┏━━

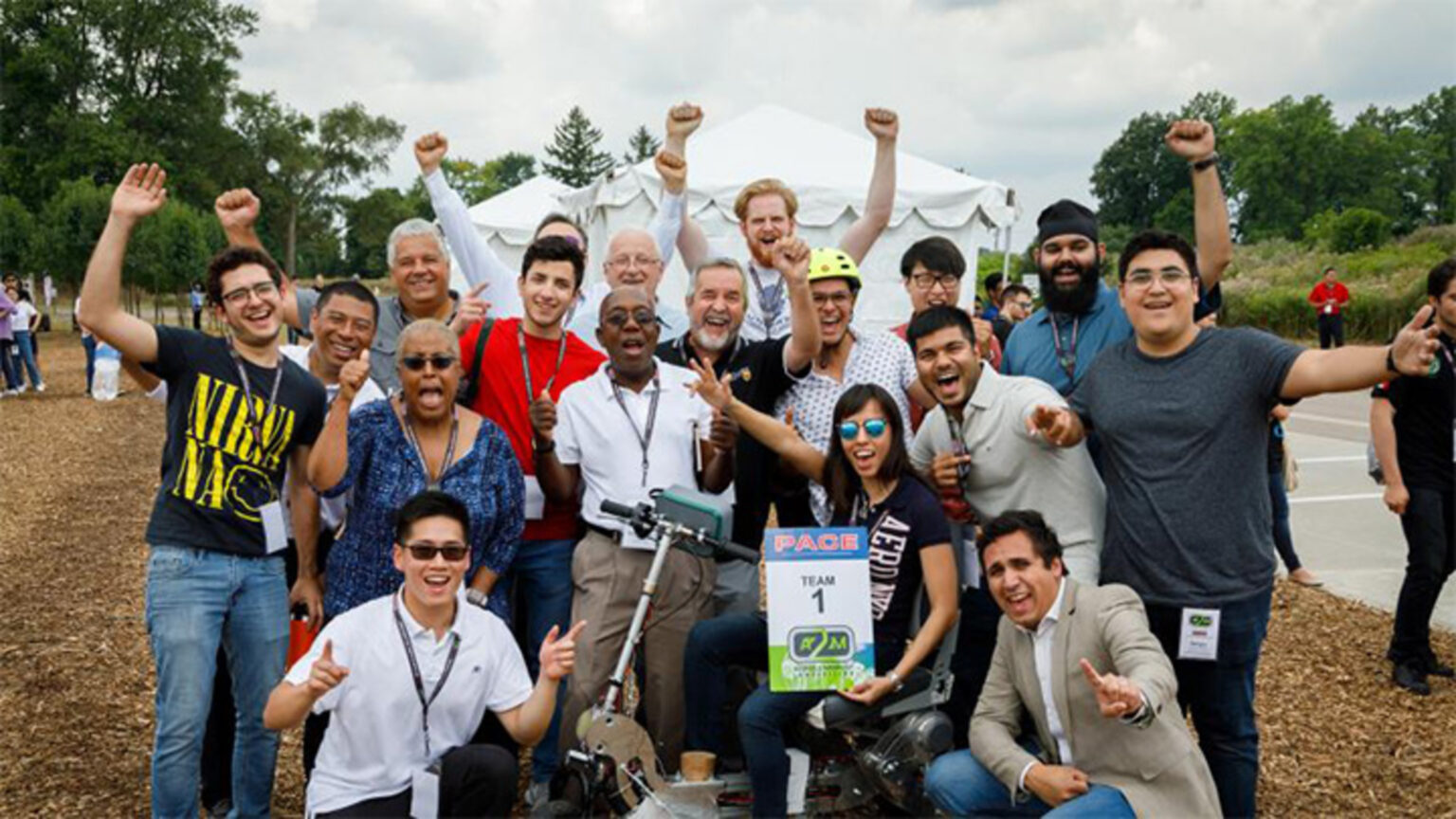 Picture of international student team winning prestigious automotive engineering design award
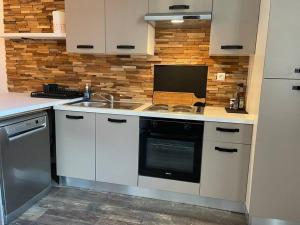 a kitchen with a sink and a stove top oven at Appartement T2 - 1er étage in Seysses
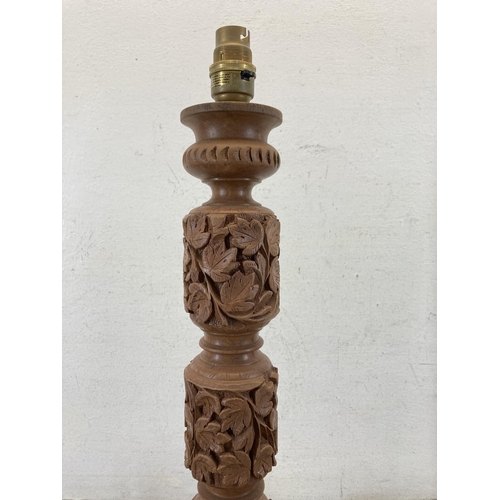 625 - A carved teak table lamp - approx. 50cm high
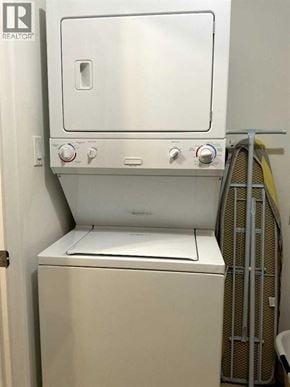 Lloydminster apartment for rent - A white dishwasher with a silver handle is in a room.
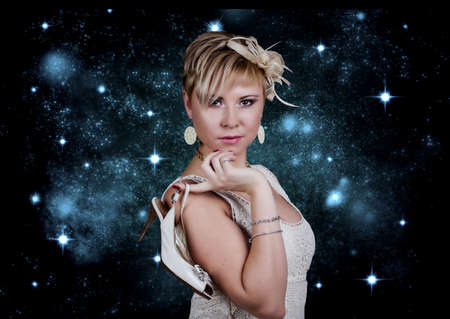 The woman against the star sky.の写真素材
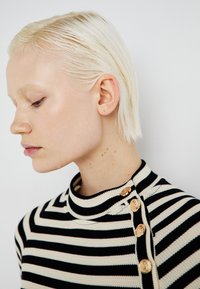 Črtast pleten pulover z visokim ovratnikom, črno-krem barvami in zlatimi dekorativnimi gumbi ob rami.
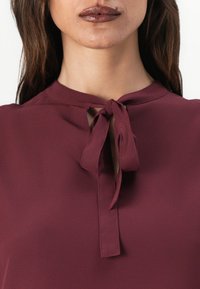 Mørkerød bluse med høj halsudskæring og detalje med forbinding. Stoffet ser glat ud med en subtil glans.
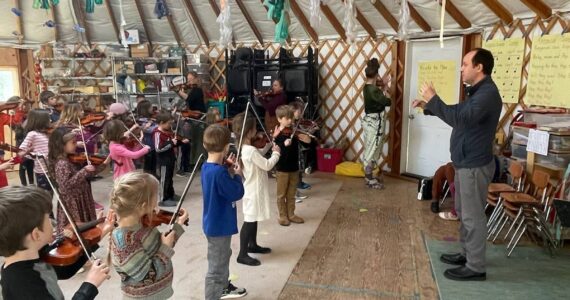 Little Fireweed students rehearse for A Sea of Strings concert with conductor Abimael Melendez at the Little Fireweed Yurt on Wednesday, April 29.  Emilie Springer/ Homer News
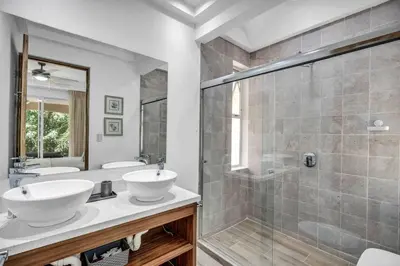 a bathroom with two sinks and a shower at Gav4 New Condo in Location Walkable to Beach in Tamarindo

┗━━

Would you reproduce the lines from the one with "625 - A carved" through the final line of the data above, exactly and only those, without any pictures?

 625 - A carved teak table lamp - approx. 50cm high
 Lloydminster apartment for rent - A white dishwasher with a silver handle is in a room.
 The woman against the star sky.の写真素材
 Črtast pleten pulover z visokim ovratnikom, črno-krem barvami in zlatimi dekorativnimi gumbi ob rami.
 Mørkerød bluse med høj halsudskæring og detalje med forbinding. Stoffet ser glat ud med en subtil glans.
 Little Fireweed students rehearse for A Sea of Strings concert with conductor Abimael Melendez at the Little Fireweed Yurt on Wednesday, April 29.  Emilie Springer/ Homer News
 a bathroom with two sinks and a shower at Gav4 New Condo in Location Walkable to Beach in Tamarindo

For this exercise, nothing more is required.